Le Premier ministre a déclaré que « le système est intact », estimant que certains responsables impliqués dans la gestion des fonds publics échappent encore à toute action judiciaire. Il a jugé difficile de solliciter des sacrifices de la part des citoyens tant que les auteurs présumés de détournements ou de mauvaise gestion ne sont pas traduits en justice. Très critique, il a dénoncé l’existence d’un « sabotage judiciaire », accusant implicitement certains magistrats de ralentir l’examen de dossiers sensibles. Il a rappelé que, selon sa vision, « les dossiers n’appartiennent pas aux magistrats » mais « au peuple sénégalais », annonçant qu’il pourrait « hausser le ton » prochainement.

En réponse à ces critiques, la ministre de la Justice Yassine Fall a assuré que les coupables seraient tenus responsables de leurs actes. Néanmoins, cette déclaration n’a pas entièrement apaisé les inquiétudes du Premier ministre, qui a réitéré la nécessité d’accélérer les procédures et de clarifier les responsabilités.

Mise en place d’un comité de suivi pour les projets au Sénégal

Afin d’assurer le suivi rigoureux des décisions prises, Ousmane Sonko a annoncé la création immédiate d’un comité de suivi, directement rattaché à la Primature et qu’il présidera personnellement. Cette entité aura pour mission de poursuivre l’inventaire des projets bloqués, d’identifier clairement les responsabilités et de faciliter la recherche de solutions de financement. Le gouvernement envisage également de revaloriser certains actifs publics par le biais de partenariats public-privé ou de les utiliser comme levier financier via le Fonsis.

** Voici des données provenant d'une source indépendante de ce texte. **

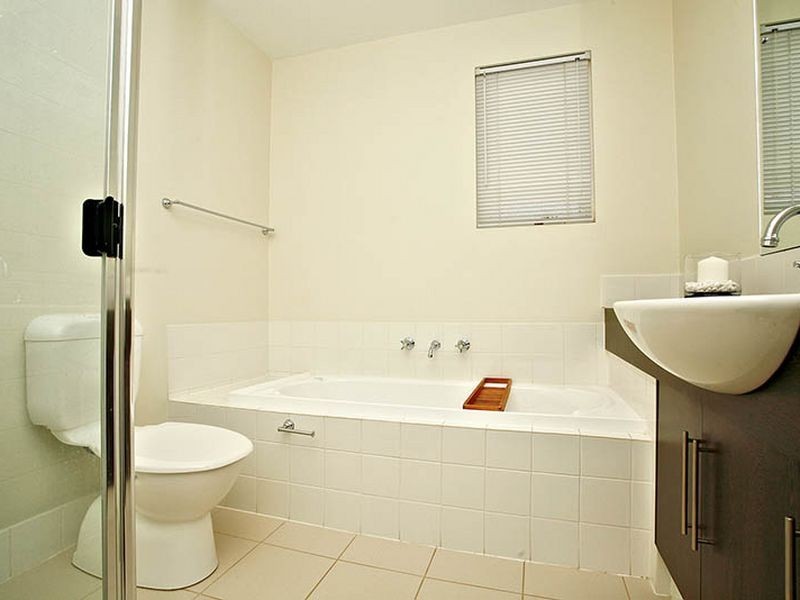 2 Shipsters Lane, Mawson Lakes SA 5095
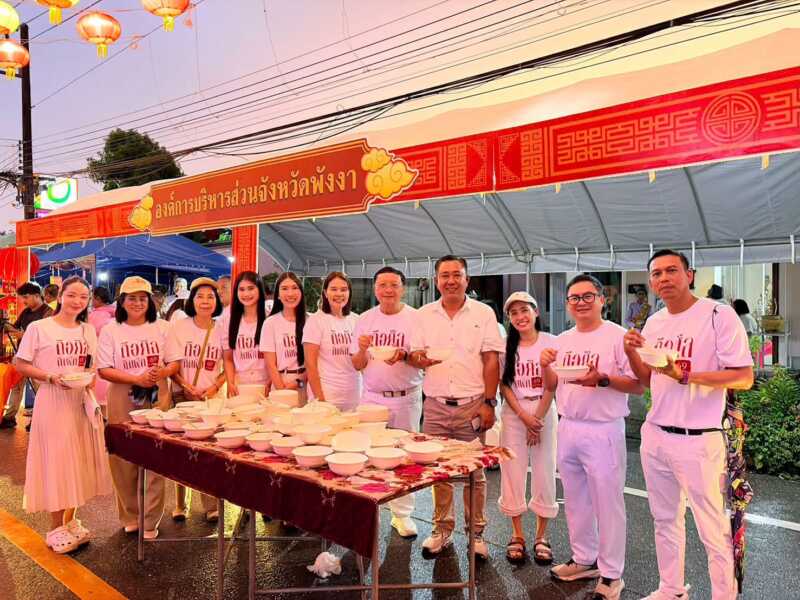 พังงา-ประเพณีถือศีลกินผักพังงาสุดคึกคัก ผัดหมี่มงคลกระทะยักษ์ เปิดงานอิ่มบุญ9บาท ตลาดกระโสม จ่าย9บาทกินอาหารเจไม่อั้น88ซุ้ม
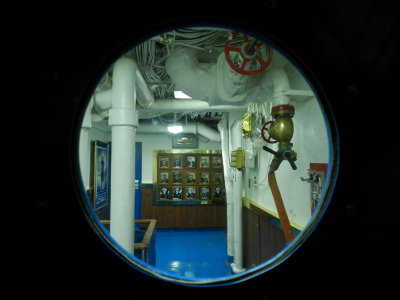 CVN-65 67 Captains office.JPG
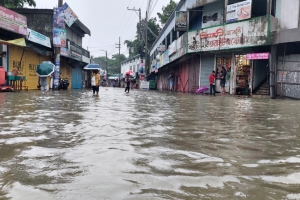সুনামগঞ্জে হু হু করে বাড়ছে পানি, পানিবন্দী লাখো মানুষ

Au terme du Conseil interministériel, le Premier ministre a émis onze directives visant à débloquer les situations identifiées sur les plans financier, juridique et technique. Parmi celles-ci, deux orientations sont qualifiées de définitives. La première mandate le ministre, secrétaire général du gouvernement, en collaboration avec le ministre des Infrastructures et les ministères sectoriels, de finaliser l’inventaire exhaustif des projets et infrastructures nécessitant une mise en service, un achèvement, un recyclage ou une valorisation. La seconde prévoit l’établissement d’un comité inclusif, sous la présidence du Premier ministre, chargé de superviser le recensement et de garantir l’exécution des mesures adoptées.

Les autres directives portent essentiellement sur la planification et la concrétisation des projets d’infrastructures. Ousmane Sonko a enjoint tous les ministres à intégrer dorénavant de manière optimale les aspects techniques, tels que les raccordements essentiels à l’eau, à l’électricité et aux réseaux de télécommunication, ainsi que l’équipement adéquat des infrastructures. Il a également souligné l’impératif de définir des modèles d’exploitation, de gestion durable et de maintenance pour assurer la pérennité des investissements publics.